[Task]
From the first line to the last, repeat the data exactly and drop the pictures.

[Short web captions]
'''

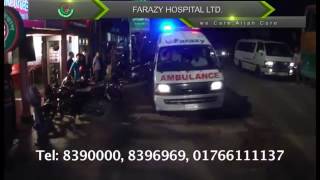 FARAZY HOSPITAL LTD [upl. by Kina]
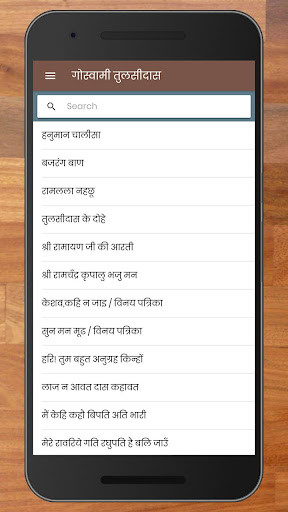 Goswami Tulsidas | तुलसीदास Screen 3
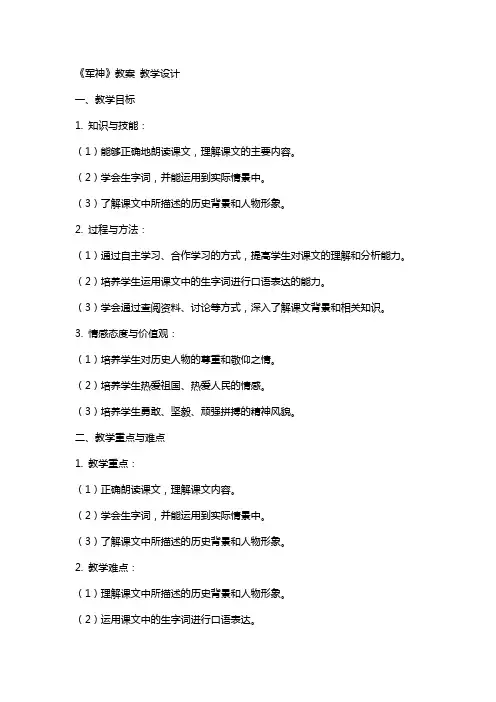 《军神》教案 教案教学设计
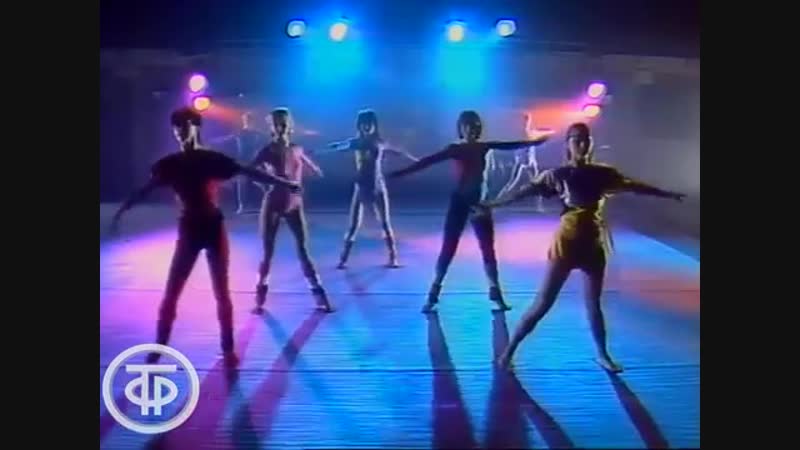 Советская аэробика ритмическая гимнастика с игорем бобриным, балетом а пугачевой (1985)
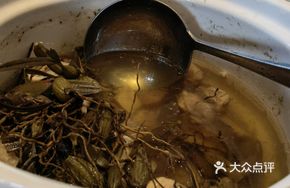 Stone Olive Pork Bone Soup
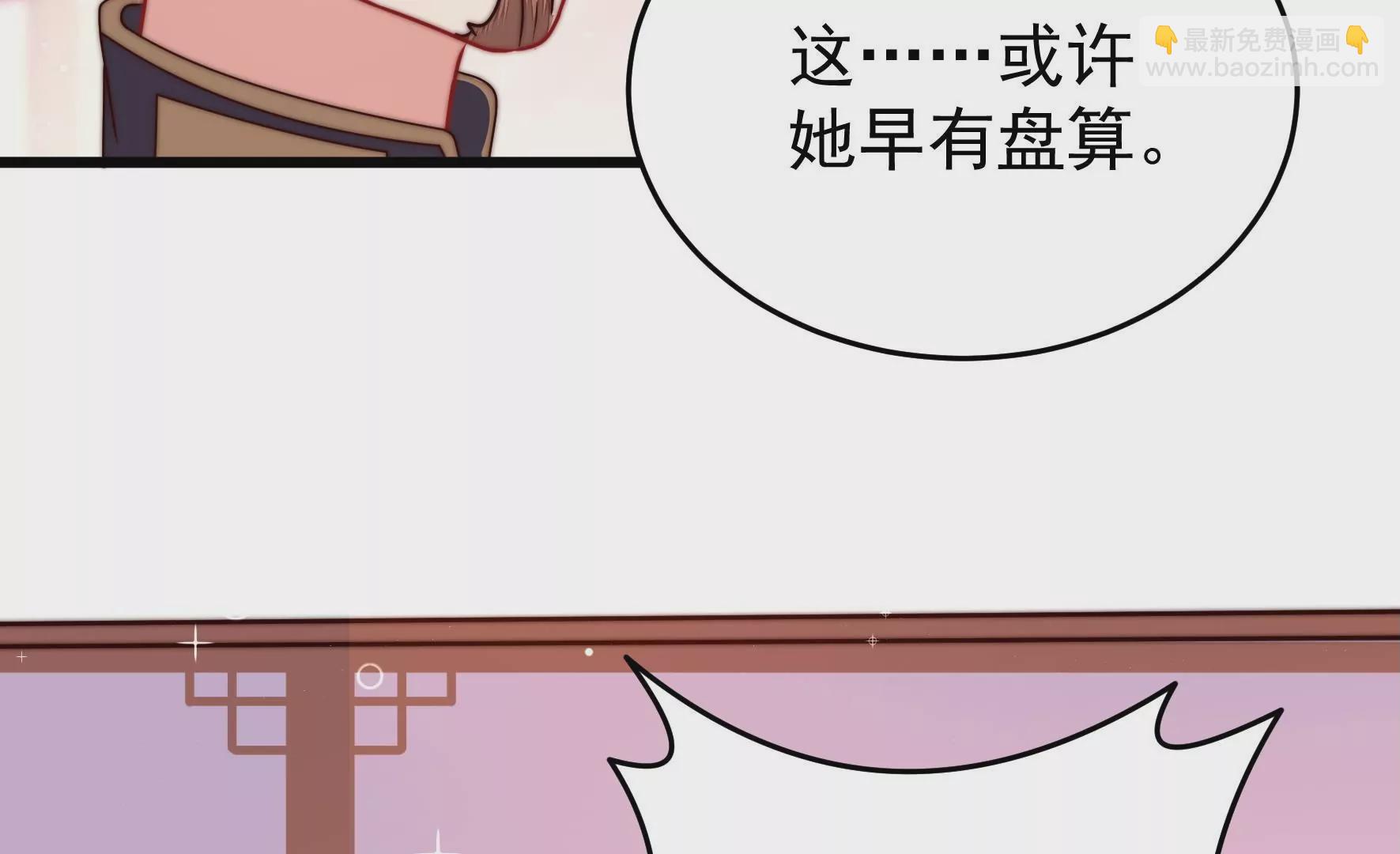 第315话 宅门之内36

'''

[Answer space]
 FARAZY HOSPITAL LTD [upl. by Kina]
 Goswami Tulsidas | तुलसीदास Screen 3
 《军神》教案 教案教学设计
 Советская аэробика ритмическая гимнастика с игорем бобриным, балетом а пугачевой (1985)
 Stone Olive Pork Bone Soup
 第315话 宅门之内36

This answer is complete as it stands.